Georgia made it a lot easier for entrepreneurs to start businesses and reduced the minimum capital required to start a new enterprises. In addition, the number of days exporters would need to get their goods out of customs has dropped from 54 to 13.
McLiesh says Armenia was not such a vigorous reformer this year as Georgia, but it too has consistently been improving over the years:
"[Armenia] is one of the simplest countries in which to register property in the world," she says.
Georgian Prime Minister Zurab Noghaideli's (left) government is doing something right (InterPressNews, file photo)
It takes only four days on average to register a property in Armenia, compared to 231 days in Belarus.

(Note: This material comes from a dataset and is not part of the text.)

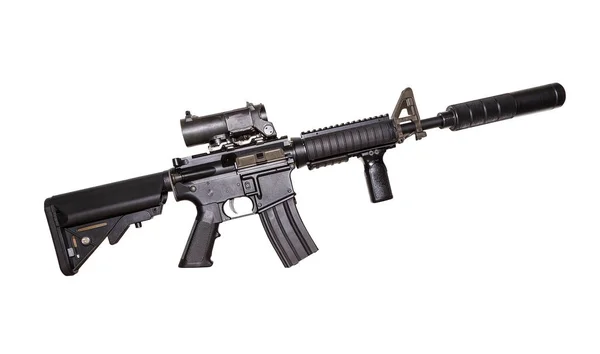 M15A4 Rifle Isolerad Vit Bakgrund Försvarsmaktens Gevär Överfallsvapen — Stockfoto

Taxes High And Hard To Pay
She notes Belarus is the worst country in the world in terms of paying taxes. Businesses in Belarus must pay 186.1 percent of their profits and make 125 tax payments a year in order to comply with tax regulations.
Neighboring Ukraine ranks just behind Belarus in terms of the difficulty of paying taxes. McLeish says it's not just the high rate of taxation there, but the "complexity of the tax system" that creates problems for businesses. For example, Ukraine's annual tax return for businesses is 92 pages long.
"In Ukraine it takes [medium-sized businesses] 2,185 hours per year if they were to comply fully with all tax payments," McLeish says.
Ukraine and Belarus also score poorly in terms of ease of trading across borders, but not as poorly as all five Central Asian countries. Even Kazakhstan, which has the highest overall ranking -- 63 -- of any of the Central Asia countries retains considerable barriers to trade. For example, it takes 93 days on average to export a product and 87 days on average to import one.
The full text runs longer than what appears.